▶ _WHAT IS EXPECTED_: Print the entire listing below word for word, excluding its pictures.
+--
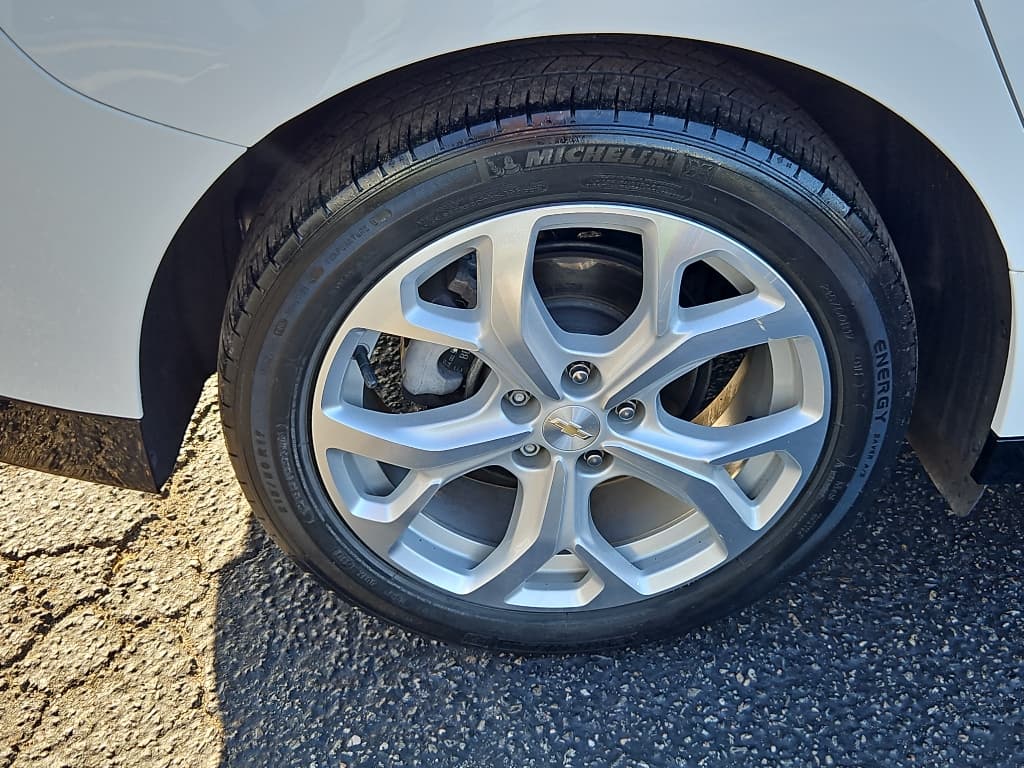 2019 Chevrolet Volt view 32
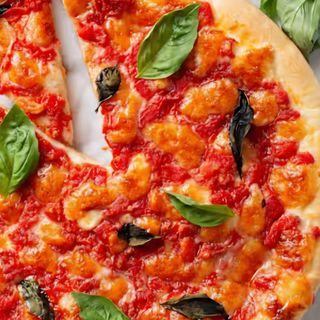 Bufala e 'nduja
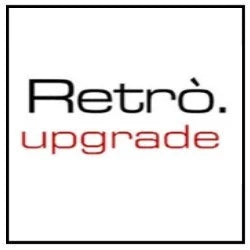 Retro' Upgrade Tagliacapelli Tosatrice Clipper Professionale RUP-L90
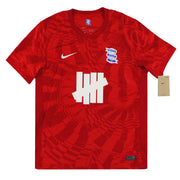 2025-26 Birmingham Nike Third Shirt *BNIB* M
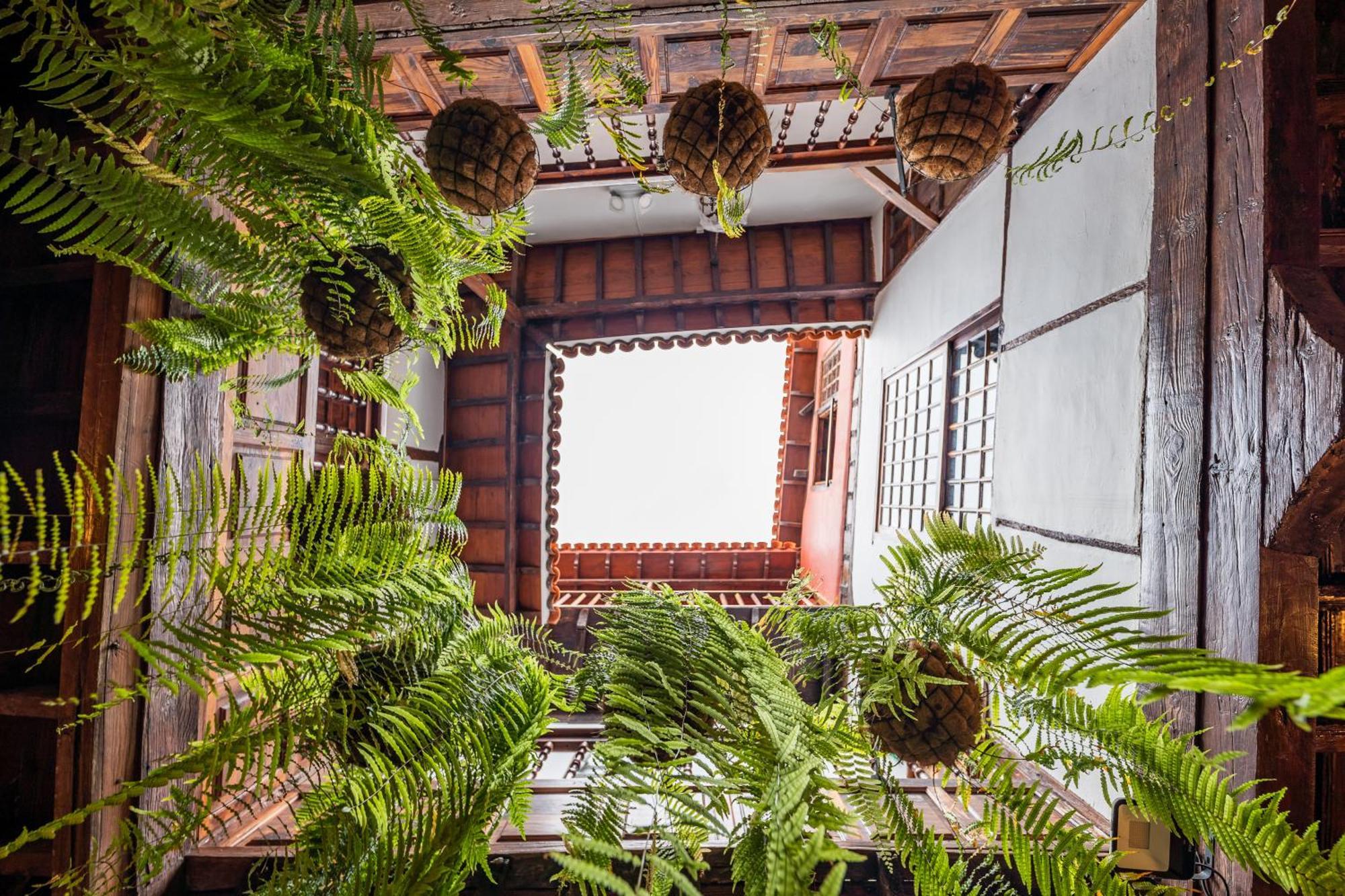 Tizon Suites Garachico  Extérieur photo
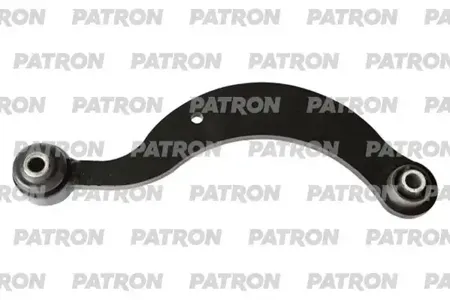 PATRON PS5711 Рычаг подвески ЗАДНЯЯ ПРОДОЛЬНАЯ Toyota AURISHYBRID (UKP) ADE15NDE150NRE150ZRE15ZZE150ZWE150 07- (произведено в Турции)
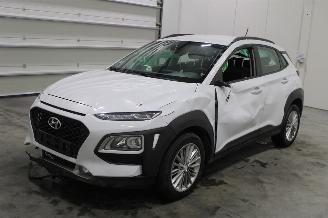 Coche accidentado Hyundai Kona  2019/12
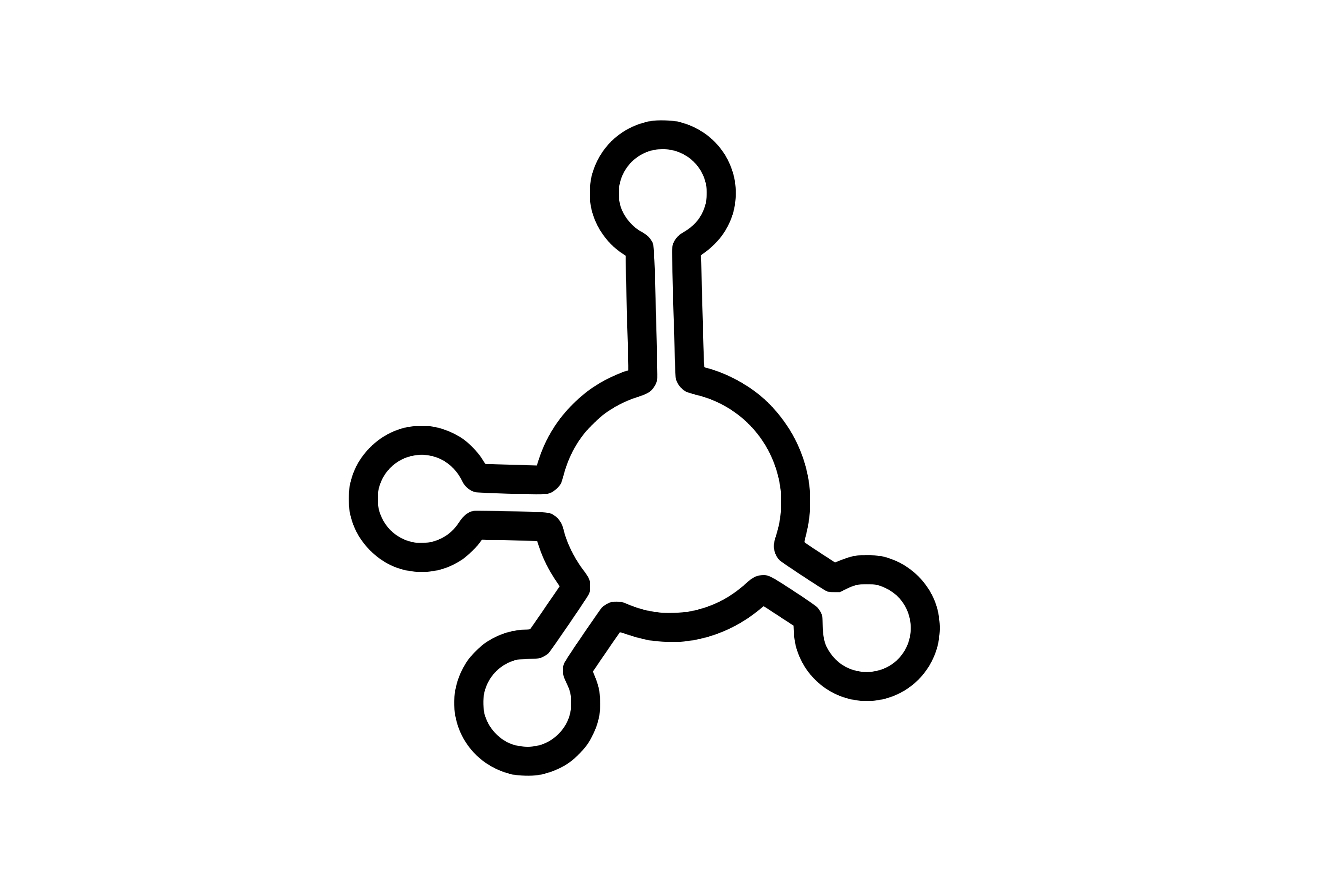 a methane molecule icon for engraving on counterbalance bracelets to represent biogas carbon offset projects.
+--
▶ _EXERCISE RESULT_:
 2019 Chevrolet Volt view 32
 Bufala e 'nduja
 Retro' Upgrade Tagliacapelli Tosatrice Clipper Professionale RUP-L90
 2025-26 Birmingham Nike Third Shirt *BNIB* M
 Tizon Suites Garachico  Extérieur photo
 PATRON PS5711 Рычаг подвески ЗАДНЯЯ ПРОДОЛЬНАЯ Toyota AURISHYBRID (UKP) ADE15NDE150NRE150ZRE15ZZE150ZWE150 07- (произведено в Турции)
 Coche accidentado Hyundai Kona  2019/12
 a methane molecule icon for engraving on counterbalance bracelets to represent biogas carbon offset projects.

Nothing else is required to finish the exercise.